Writing tip: Keep your writing style informal, warm and conversational. Take note of the NEW grammatical rules of informal writing and UNLEARN your academic writing style.

7. Feel the fear, and do it anyway.

I know you’re scared. Trust me, I was there. It IS scary putting your voice out there. Actually, I was closer to feeling terrified. Terrified I would be judged by my peers and exposed as a fraud that didn’t know anything about therapy! (My inner critic was VERY big).

But listen, in the end you can do all the reading, research and information gathering you want, but unless you just sit down and eventually write something, you’re not going to develop your voice or be able to broadcast it.

Writing tip: Take a deep breath, stay focused on your goal and start writing. Imagine your ideal client reading your article and feeling some relief from their pain. Use this as inspiration to get your voice out there and start having people hear your message.

8. Just write, write and write!

In the end, once you’ve established your ideal client, you understand their problems, you have some ideas about the solution, you’ve collected lots of ideas, you’ve sat with your fear and started to write anyway, then you need to keep writing.

Don’t give up!

Your voice will only develop through practice and the only way to practice is to keep writing. One of the ways I work well is to schedule specific times during the week for writing. I turn off all distractions and write for 1 hour. Sometimes my writing is truly awful, sometimes it’s ok and occasionally I impress even myself. But more importantly, I develop the habit and practice of writing, making it a ritual during the week. (And one that I now thoroughly enjoy.)

Writing tip: Look at your calendar for the next week. Schedule one-hour periods for writing throughout the week (as your schedule permits) and stick to it. (No excuses!). Turn off email, phones, social media accounts and lock your door. Then write, write, and write!

9. Rinse & repeat.

So your voice is developing and you’re pretty chuffed with how you’re going.

Congratulations!

Now it’s time to keep going. Don’t rest on your laurels. You need to keep writing to develop your voice and help it grow.

If you are feeling more and more comfortable in your writing, then it may be time to step out of your comfort zone. Write a controversial post, reveal more of yourself (within your own boundaries) or take on bigger issues.

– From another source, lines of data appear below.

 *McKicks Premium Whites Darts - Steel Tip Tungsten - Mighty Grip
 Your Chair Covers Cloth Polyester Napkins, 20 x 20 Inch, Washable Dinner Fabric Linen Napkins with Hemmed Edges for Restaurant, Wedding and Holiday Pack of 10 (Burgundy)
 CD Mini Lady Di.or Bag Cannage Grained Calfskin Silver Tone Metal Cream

My experience has been the more ‘human’ I am, the greater the response I have from readers. I certainly don’t reveal aspects of my personal life that I’m not comfortable with many people knowing, but I do inject some of my own personality and humor into my writing.

Your prospective clients want to know you are real, human and have a personality. These aspects are critical for establishing a relationship that may develop into a therapeutic one.

Writing tip: Continue to write in a regular fashion, take more writing risks over time and don’t be afraid to reveal your personality.

10. Publish, broadcast and re-purpose.

There are many ways you can use technology to broadcast your message. You can write for a blog, publish an email newsletter, write short articles for article directories, broadcast on social media or write tips cards for your clients and marketing. The possibilities are endless.

Remember, when you write an article, that doesn’t have to be the end of it. Your article can be re-purposed. This means that you can work it into a number of different articles, maybe create an audio or video version. You might use the article as inspiration for an e-book or home study course. Don’t limit yourself to just the article itself. Think outside the box and consider all the possibilities for this article.

Writing tip: Once you have completed your article, write a list of all the other ways you can re-purpose this article to maximize it’s usage. Then add the re-purposing ideas to your marketing schedule and plan.